How this skill works

The skill inspects your API requirements and recommends patterns per protocol: resource naming and HTTP verbs for REST, schema and connection patterns for GraphQL, and proto structure and status-code mapping for gRPC. It supplies versioning strategies, error response formats, pagination choices, auth approaches, and OpenAPI/AsyncAPI templates you can adapt.
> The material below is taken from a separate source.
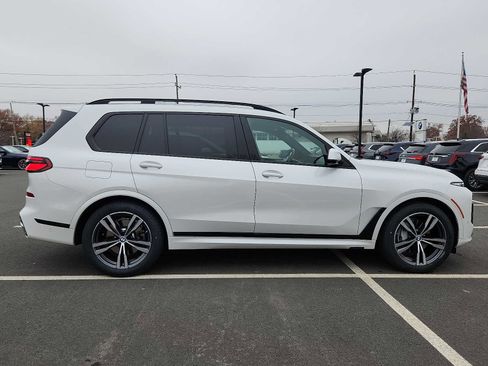Certified 2024 BMW X7 xDrive40i w/ M Sport Package image 7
Outputs are concrete, actionable rules and sample payloads you can copy into your API or docs.

When to use it

  • Designing new API endpoints or whole services
  • Defining organization-wide API conventions and style guides
  • Reviewing or auditing existing API contracts for consistency
  • Planning API versioning or migration strategies
  • Generating OpenAPI/AsyncAPI documentation for public or internal APIs

Best practices

  • Prioritize developer experience: clear naming, predictable responses, helpful errors
  • Prefer consistency over clever one-off designs; follow established HTTP/GraphQL/gRPC idioms
  • Design for evolution: choose a versioning strategy and deprecation path up front
  • Use cursor pagination for large or changing datasets; offset pagination for simple admin views
  • Adopt a standard error envelope with codes, messages, details, timestamp, and request_id
  • Document authentication schemes (Bearer, API key) and include rate-limit headers

Example use cases

  • Creating a public REST API with URI versioning, OpenAPI docs, and standardized error responses
  • Designing a GraphQL schema with connections, input types for mutations, and field-level errors
  • Authoring proto files for gRPC services with clear message structure and mapped status codes
  • Migrating v1 endpoints to v2 while maintaining backward compatibility and deprecation notices
  • Defining webhook payloads, retry rules, and signing headers for event-driven integrations

FAQ

Which versioning strategy should I pick for public APIs?

Use URI versioning (e.g., /api/v1/) for public APIs because it’s visible, easy to test, and cache-friendly.

When should I use cursor vs offset pagination?

Choose cursor pagination for large, changing, or real-time datasets; use offset pagination for small datasets or where jumping to a specific page is required.